*** COLLECTED MATERIAL ***

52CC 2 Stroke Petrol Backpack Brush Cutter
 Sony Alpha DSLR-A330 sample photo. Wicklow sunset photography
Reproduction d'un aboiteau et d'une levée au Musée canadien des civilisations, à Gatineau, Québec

*** End of COLLECTED MATERIAL ***

• WHAT YOU WILL DO: Write the material out once more, exactly as it reads.

• RESPONSE AREA:
52CC 2 Stroke Petrol Backpack Brush Cutter
 Sony Alpha DSLR-A330 sample photo. Wicklow sunset photography
Reproduction d'un aboiteau et d'une levée au Musée canadien des civilisations, à Gatineau, Québec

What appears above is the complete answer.